Both of Meyer's points (i) and (ii) are misleading at best.
Scott and Branch offer their reply here:
The crucial phrase in clause (i) of Meyer's definition of ‘neo-darwinism’  is ‘undirected processes’, the alternative to which is, presumably, directed processes. But directed by what? In spite of the CSC's nods in the direction of extraterrestrial aliens and time travellers from the future , God is clearly the favored candidate, as reflected in the CSC's original logo, featuring Michelangelo's God from the Sistine Chapel . Is there, as Meyer implies, a scientific controversy about whether ‘directed processes’ are responsible for ‘biological complexity’? We are unaware of such a controversy, and we are confident that readers of TREE are too.
In clause (ii) of Meyer's definition, it is perhaps sufficient to observe that he conflates the undebated idea of common ancestry in general with the actual debate about whether it is possible to identify a single universal common ancestor.
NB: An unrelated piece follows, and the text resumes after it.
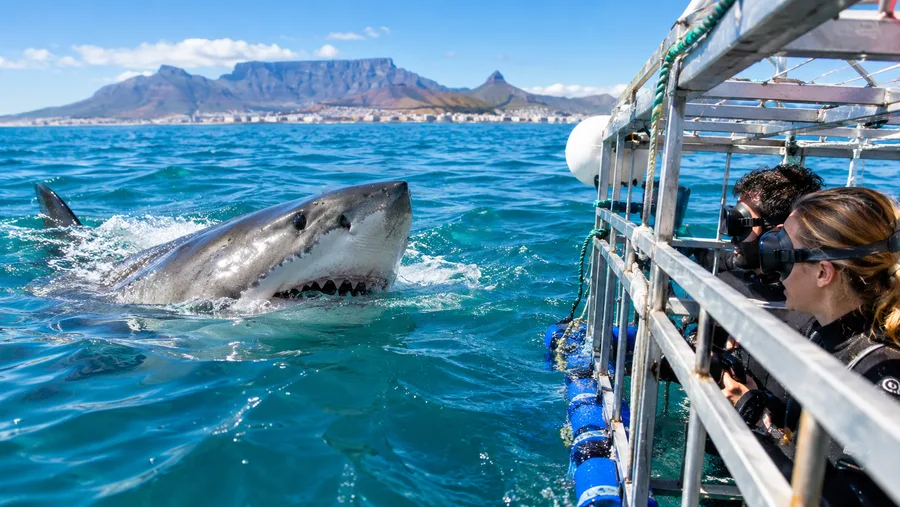 Shark Cage Diving in Cape Town Complete Visitor Guide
Woese's work (e.g. ), to which Scott was alluding in the forum that Meyer mentions, contributes to the latter debate. There is no reason not to sketch Woese's basic idea in a pre-university biology class. However, it would be scientifically inappropriate and pedagogically irresponsible to pretend that it challenges the common ancestry of primates, tetrapods, or eukaryotes, or that it constitutes evidence for a special creation of the three domains, or that it is anything but a necessary refinement of the idea of common ancestry.
Just in case you're not up on Carl Woese's work, the issue here has to do with horizontal gene transfer in ancient bacteria. Woese uncovered important evidence that some of the genetic commonalities among bacteria are due not to common descent, but rather to horizontal gene transfer, in which genetic material from one organism is, well, transferred directly to another. A more detailed description is available here.
The point is that such transfer makes it effectively impossible to identify the universal common ancestor, because the genetic relationships among the most primitive organisms are confounded as a result of genetic transfers. Such transfer, however, is only thought ot be significant in simple, prokaryotic organisms. As Scott and Branch point out, it has nothing to do with the common descent of, say, mammals from reptiles. And even if it were to turn out that such transfers are possible among complex organisms as well, that would hardly constitute an argument for supernatural intervention in natural history.
Incidentally, I learned about this exchange from the website of the pro-ID Discovery Institute. They had a link to Meyer's letter, but they linked to neither of Scott and Branch's essays, nor did they link to Langan's letter. Rather childish of them, don't you think?